I checked the date. No, it's not 1st April. Still, it appears that the UK's answer to Donald Trump is going to be appointed to run YouView. Yes, Alan Sugar is entering the TV technology market.
I find myself reacting strangely to this.
First of all the YouView project is clearly a mess, and a recent dinner with Kip Meek, YouView's Chair, did nothing but give me an impressions that this is a project without a leader and without a direction - just a bunch of people taking big salaries. He admitted that they did not even have a second screen strategy. Unbelievable in a world of social media and social television.
But putting a poacher in charge is worrying. Sugar is a survivor, not a businessman. He has no understanding whatsoever of the TV content industry, and therefore will be widely dismissive of it and its practices. Then he'll come across Hollywood and react like Gordon Ramsey in a beltway dinner riddled with rats. This is unlikely to go down well.
Straddling the technology and content divide is a difficult balancing act, as I have found to my benefit and my cost during my career. It's an act the current management of YouView has totally failed in. Three years to release a specification that could have been written in a week is pathetic. But perhaps the very idea of bringing together the UK TV industry is mad anyway, especially without the most important players involved. Sky and Virgin will be disdainful.

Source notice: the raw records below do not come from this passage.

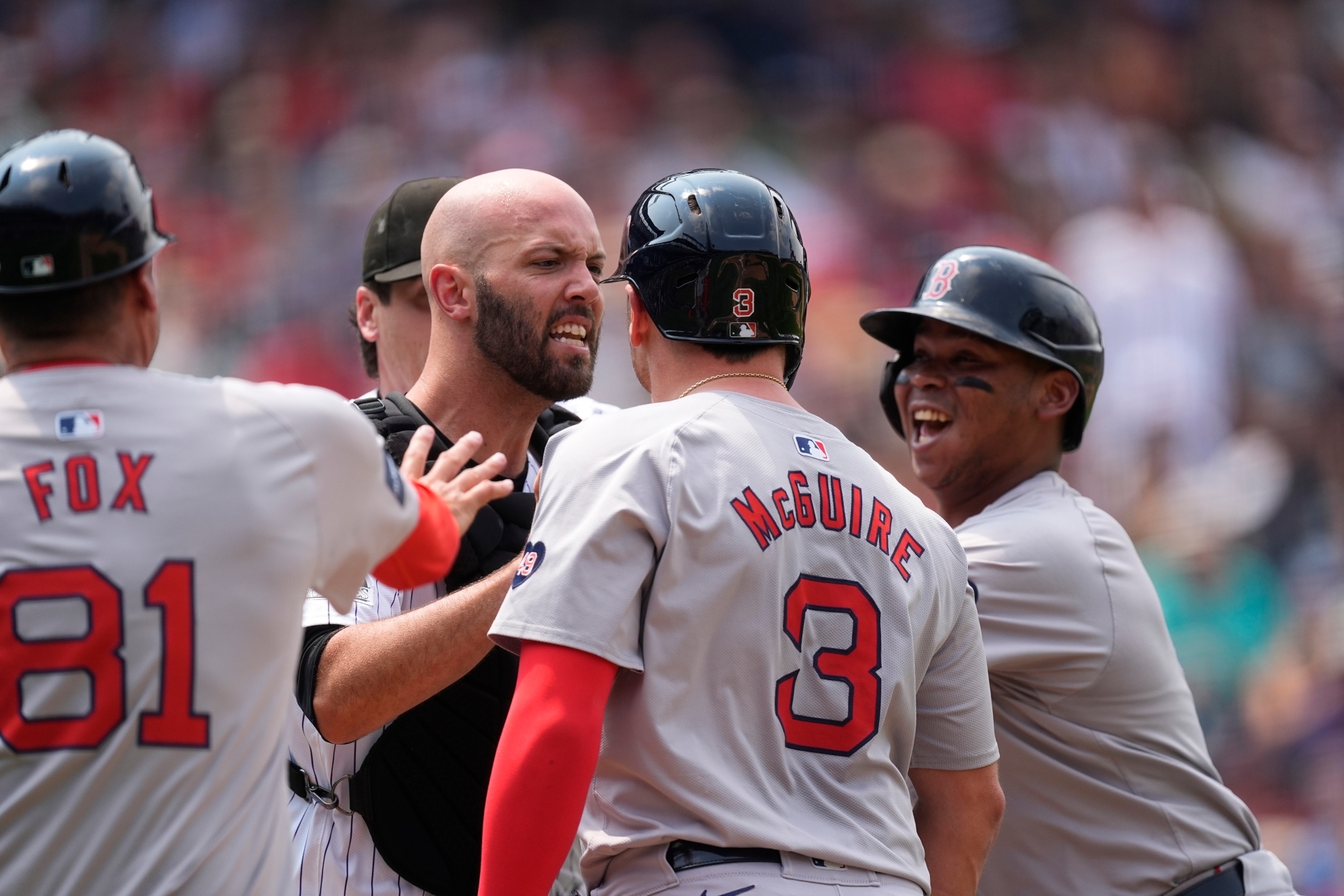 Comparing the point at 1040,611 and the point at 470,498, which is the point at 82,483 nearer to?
the point at 470,498

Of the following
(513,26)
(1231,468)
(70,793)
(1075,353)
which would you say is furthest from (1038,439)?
(513,26)

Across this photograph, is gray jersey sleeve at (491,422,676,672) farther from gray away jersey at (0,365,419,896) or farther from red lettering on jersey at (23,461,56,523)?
red lettering on jersey at (23,461,56,523)

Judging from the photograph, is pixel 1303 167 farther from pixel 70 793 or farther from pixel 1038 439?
pixel 70 793

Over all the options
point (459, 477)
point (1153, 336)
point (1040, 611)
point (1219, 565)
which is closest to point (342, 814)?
point (459, 477)

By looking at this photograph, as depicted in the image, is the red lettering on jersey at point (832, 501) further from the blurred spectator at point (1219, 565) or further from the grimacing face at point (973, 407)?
the blurred spectator at point (1219, 565)

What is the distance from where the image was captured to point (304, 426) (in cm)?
215

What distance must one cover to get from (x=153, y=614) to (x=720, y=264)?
A: 3.84 ft

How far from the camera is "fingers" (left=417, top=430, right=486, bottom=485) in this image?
2547 millimetres

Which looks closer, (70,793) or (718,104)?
(70,793)

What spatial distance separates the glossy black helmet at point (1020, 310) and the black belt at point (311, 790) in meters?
1.74

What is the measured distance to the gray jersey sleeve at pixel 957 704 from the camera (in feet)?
9.07

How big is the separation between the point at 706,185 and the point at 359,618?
118 cm

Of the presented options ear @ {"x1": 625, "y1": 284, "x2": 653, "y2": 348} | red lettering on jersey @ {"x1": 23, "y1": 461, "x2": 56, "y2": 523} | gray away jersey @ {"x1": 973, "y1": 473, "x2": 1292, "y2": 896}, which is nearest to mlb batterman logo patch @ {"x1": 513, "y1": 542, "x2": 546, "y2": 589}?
ear @ {"x1": 625, "y1": 284, "x2": 653, "y2": 348}

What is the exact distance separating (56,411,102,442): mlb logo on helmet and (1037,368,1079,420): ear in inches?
93.1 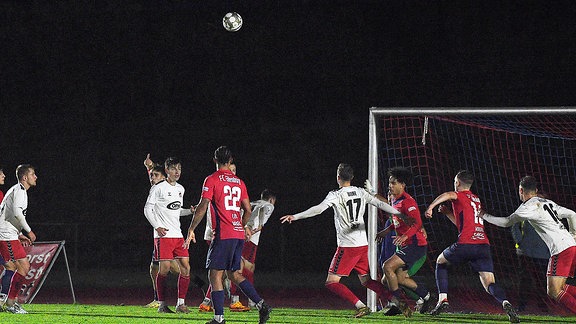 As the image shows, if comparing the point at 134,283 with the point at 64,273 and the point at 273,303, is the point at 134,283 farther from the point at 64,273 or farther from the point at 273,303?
the point at 273,303

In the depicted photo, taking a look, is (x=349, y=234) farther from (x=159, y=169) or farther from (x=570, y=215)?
(x=159, y=169)

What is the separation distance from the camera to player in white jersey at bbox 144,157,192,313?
10.7 metres

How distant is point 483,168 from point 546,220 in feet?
40.8

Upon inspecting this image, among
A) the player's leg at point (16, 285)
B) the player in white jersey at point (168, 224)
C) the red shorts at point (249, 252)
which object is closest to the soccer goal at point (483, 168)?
the red shorts at point (249, 252)

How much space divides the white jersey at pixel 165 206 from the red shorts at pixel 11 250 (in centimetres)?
153

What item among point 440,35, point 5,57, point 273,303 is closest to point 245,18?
point 440,35

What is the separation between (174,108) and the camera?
25.7m

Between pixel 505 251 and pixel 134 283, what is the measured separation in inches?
353

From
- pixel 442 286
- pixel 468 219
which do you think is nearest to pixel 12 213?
pixel 442 286

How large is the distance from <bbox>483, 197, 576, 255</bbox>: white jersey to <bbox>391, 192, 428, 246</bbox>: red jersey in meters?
0.91

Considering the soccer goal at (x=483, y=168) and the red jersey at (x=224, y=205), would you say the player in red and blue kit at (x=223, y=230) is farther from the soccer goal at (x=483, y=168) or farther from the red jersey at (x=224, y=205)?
the soccer goal at (x=483, y=168)

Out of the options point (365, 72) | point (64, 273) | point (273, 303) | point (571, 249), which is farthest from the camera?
point (365, 72)

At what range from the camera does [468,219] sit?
377 inches

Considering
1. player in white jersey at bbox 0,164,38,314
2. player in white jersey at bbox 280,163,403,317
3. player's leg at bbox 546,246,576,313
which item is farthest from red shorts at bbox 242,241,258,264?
player's leg at bbox 546,246,576,313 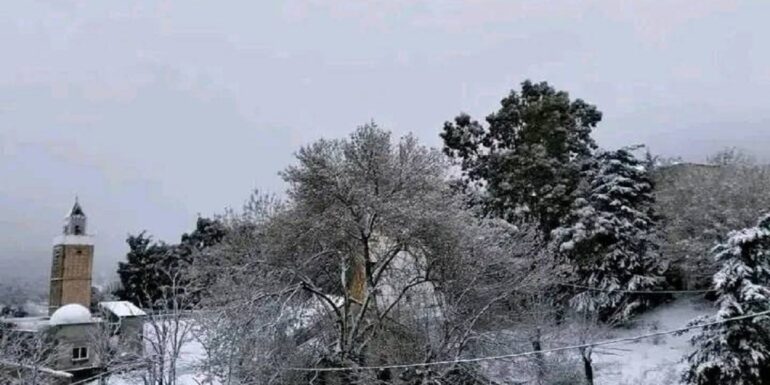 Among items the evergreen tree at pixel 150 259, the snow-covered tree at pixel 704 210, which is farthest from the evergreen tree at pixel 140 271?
the snow-covered tree at pixel 704 210

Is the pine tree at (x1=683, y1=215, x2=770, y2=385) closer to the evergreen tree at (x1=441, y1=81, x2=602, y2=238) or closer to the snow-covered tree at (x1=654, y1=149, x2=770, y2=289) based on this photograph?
the snow-covered tree at (x1=654, y1=149, x2=770, y2=289)

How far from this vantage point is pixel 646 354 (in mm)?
15516

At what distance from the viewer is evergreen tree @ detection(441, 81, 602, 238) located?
734 inches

There are plenty of open standards such as HBB doing what YouView espouses to do. Major TV manufacturers find it laughable, and now it seems even senior BBC execs are trying to distance themselves from the monster they created.
When David Cameron talks about entrepreneurs, perhaps he should give credit to those of us who spend our own time, money and resources on competing with this type of waste that comes from the BBC and try to build the future of television technology. But you can bet that it's no more than rhetoric.
I'd strongly suggest that Jeremy Hunt should take another half a billion from the fat cats at the BBC and use it to seed the next generation of TV, since the BBC have proven that they are capable of nothing more than empire building.
That, at least, would be a start in supporting the entrepreneurs that Cameron seems so laughably keen on.